▼▼▼

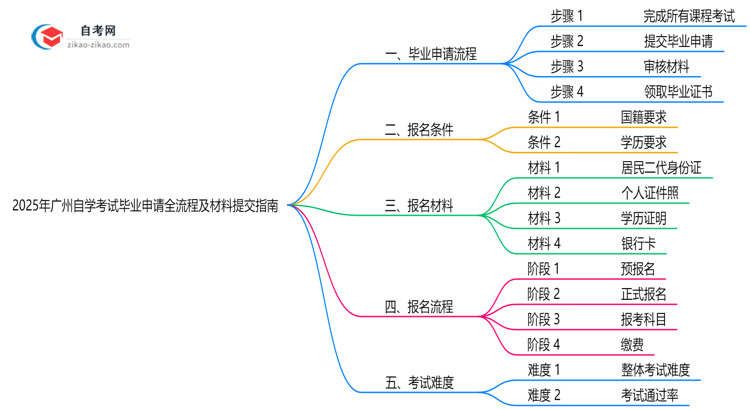 2025年广州自学考试毕业申请全流程及材料提交指南思维导图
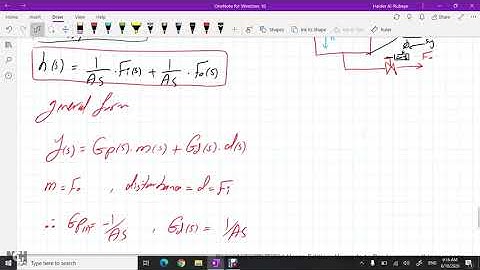 Dynamic Behavior of closed loop systems, Lecture# 3-4, part 2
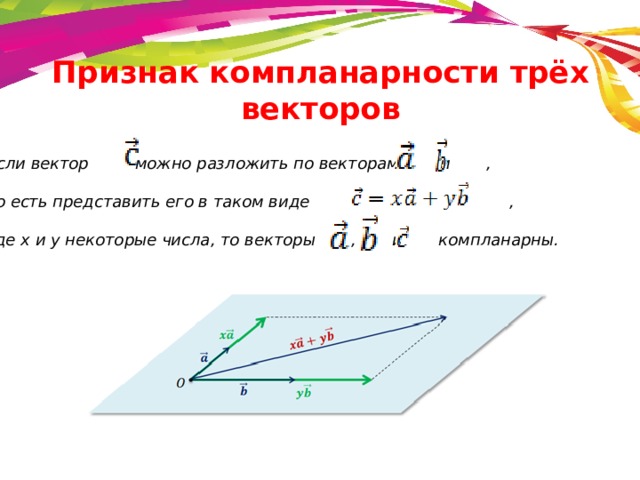 Признак компланарности трёх векторов Если вектор       можно разложить по векторам       и     , то есть представить его в таком виде                                      , где x и y некоторые числа, то векторы      ,      и      компланарны. 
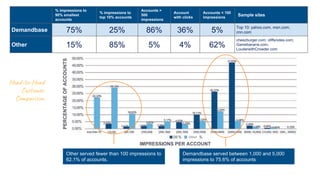 30
!"#$%&'((#)*("+)"
,-!"($.//'(+"
.00)1*+(
!"#$%&'((#)*("+)"
+)%"2-!".00)1*+(
300)1*+("4"
5--"
#$%&'((#)*(
300)1*+"
6#+7"0/#08(
300)1*+("9"2--"
#$%&'((#)*(
:.$%/'"(#+'(
;'$.*<=.(' "#$ %#$ &'$ ('$ #$ )*+,-./,012**34*56,57834*56,
48834*5
>+7'& -#$ &#$ #$ 9$ '%$
42::;<=>?:>34*5@,4ABCC78*D:734*5@,
E15:<1818134*5@,
F*=G:>HBD2I>*HG:>34*5
JD2:>,7:>K:G,C:H:>,D218,-..,B5+>:77B*87,D*,
'%3-$,*C,144*=8D73
L:518G<17:,7:>K:G,<:DH::8,-6...,18G,#6...,
B5+>:77B*87,D*,"#3'$,*C,144*=8D7
?@AB@CD3E@">F"3BB>GCD:
HI?A@::H>C:"?@A"3BB>GCD
Head-to-Head
Customer
Comparison
>+7'&
 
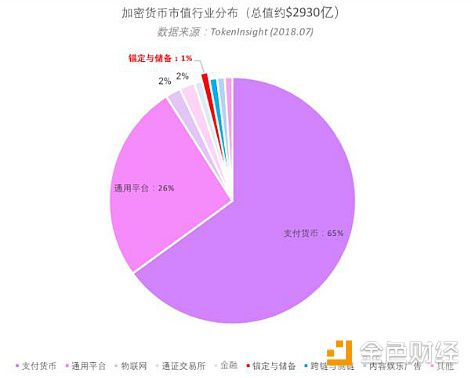 钱包怎么看k线_钱币走势图_tp钱包看走势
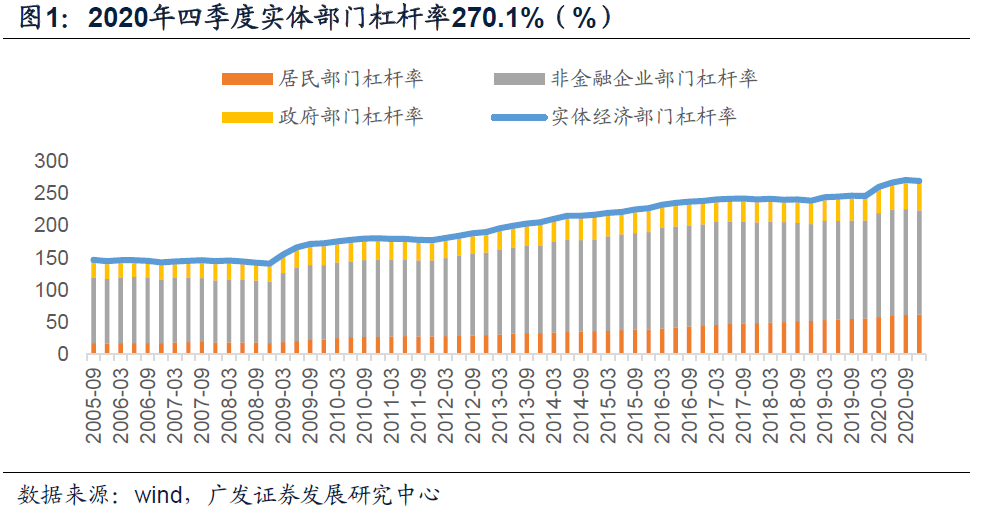 gdp沉浮录解析_历史带给我们信心,800年中国经济全球影响性变迁(2)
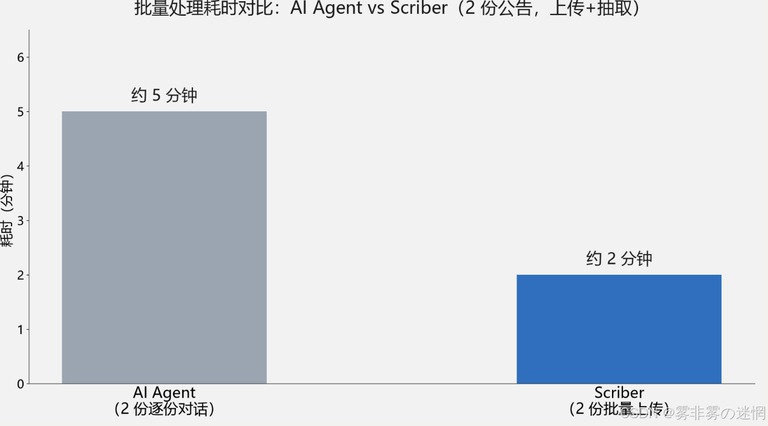 两份公告批量耗时对比图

▲▲▲

» Goal of the exercise
Repeat the full listing above exactly, with no pictures in the copy.

» Reply to the exercise
 2025年广州自学考试毕业申请全流程及材料提交指南思维导图
 Dynamic Behavior of closed loop systems, Lecture# 3-4, part 2
 Признак компланарности трёх векторов Если вектор       можно разложить по векторам       и     , то есть представить его в таком виде                                      , где x и y некоторые числа, то векторы      ,      и      компланарны. 
 30
!"#$%&'((#)*("+)"
,-!"($.//'(+"
.00)1*+(
!"#$%&'((#)*("+)"
+)%"2-!".00)1*+(
300)1*+("4"
5--"
#$%&'((#)*(
300)1*+"
6#+7"0/#08(
300)1*+("9"2--"
#$%&'((#)*(
:.$%/'"(#+'(
;'$.*<=.(' "#$ %#$ &'$ ('$ #$ )*+,-./,012**34*56,57834*56,
48834*5
>+7'& -#$ &#$ #$ 9$ '%$
42::;<=>?:>34*5@,4ABCC78*D:734*5@,
E15:<1818134*5@,
F*=G:>HBD2I>*HG:>34*5
JD2:>,7:>K:G,C:H:>,D218,-..,B5+>:77B*87,D*,
'%3-$,*C,144*=8D73
L:518G<17:,7:>K:G,<:DH::8,-6...,18G,#6...,
B5+>:77B*87,D*,"#3'$,*C,144*=8D7
?@AB@CD3E@">F"3BB>GCD:
HI?A@::H>C:"?@A"3BB>GCD
Head-to-Head
Customer
Comparison
>+7'&
 
 钱包怎么看k线_钱币走势图_tp钱包看走势
 gdp沉浮录解析_历史带给我们信心,800年中国经济全球影响性变迁(2)
 两份公告批量耗时对比图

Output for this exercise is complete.